This is the last poem I'll write about you
because I need to say a few things.
Oh where, oh where should I begin?
You know when I said I was over you?
I thought it was true, but it's really not.
I still love you with all my heart
and I always will, just like I told you.
I've been reading our texts back and forth
from when we were still together.
We were so fucking cute, I want that again.
I'm willing to change. I've realized something.
I lied to you, oh so long ago
about trying harder in school for you.
That was pretty shitty of me.
So I'll make it up to you and myself,
for the second part of the year I'm making a promise.
I will try my hardest to do good in school
and it's probably better if my dad takes my shit
because its all distracting, my phone, my ipod.
That part I'm not so thrilled about. My ipod.
My music is my mood regulator and my prescription.
It keeps me sane in this fucked up world we live in.
I finally have a goal, something to look forward to
because in my head I see is together again
but that could just be hope.
I don't know.

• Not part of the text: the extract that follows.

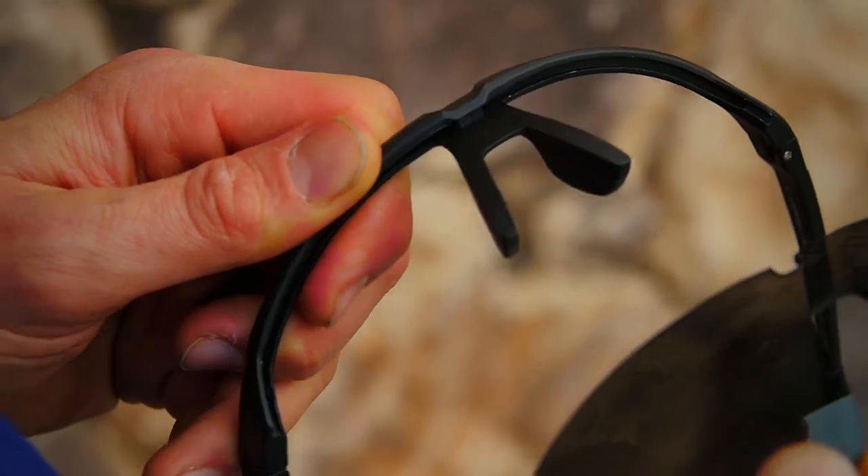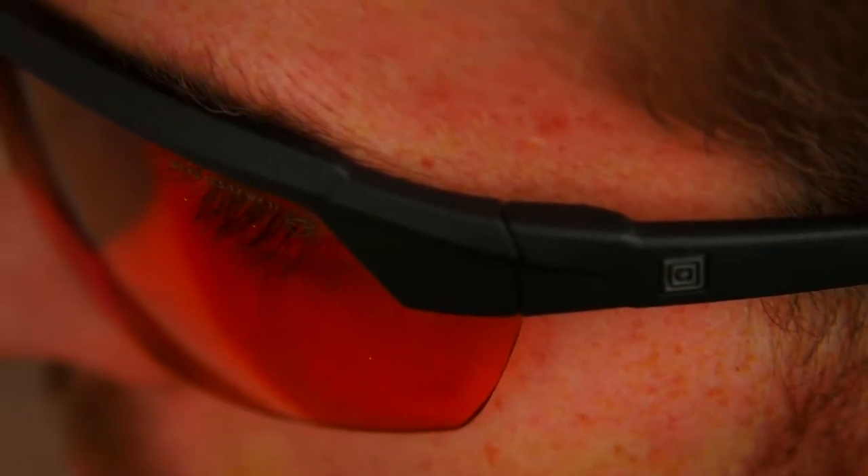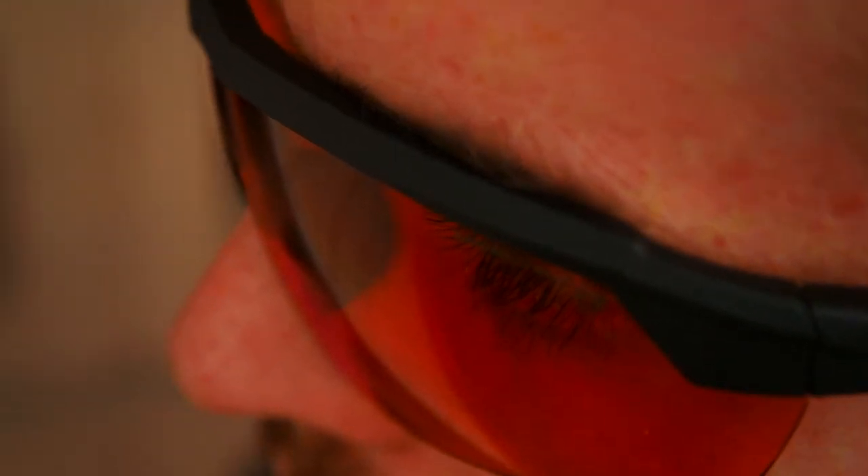The three interchangeable lenses allow you to adapt your eye protection to the task at hand. The smoke lenses offer optimal glare reduction for general outdoor wear. Ballistic orange lenses provide high contrast visibility in low light conditions.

I dream about you,
I think about you, I fantasize about you.
This has to be some sort of sign.
It felt so much like I was over you
and now, spontaneously, I'm not.
I love you with all my heart
and if you don't love me, that's just fine.
You just seem like the right person for me
and every other girl seems uninteresting.
I wish I could rewind to freshman year
so I could make this all okay,
so we could go back to texting each other cute stuff.
You're so fucking beautiful, it drives me crazy,
you're so fucking awesome, I just wanna be with you all the time.
You are the bright light at the end of the dark tunnel.
You are, and always will be, my everything.
If only you still liked me, if only...
if only you'd hang out with me
so that we could have some more time together
to talk, maybe just stare into each other's eyes.
I long to kiss those beautiful lips of yours
because I always felt a spark when we kissed,
I had a million butterflies in my stomach.
I miss you so much my heart aches
and I would give anything to have you back.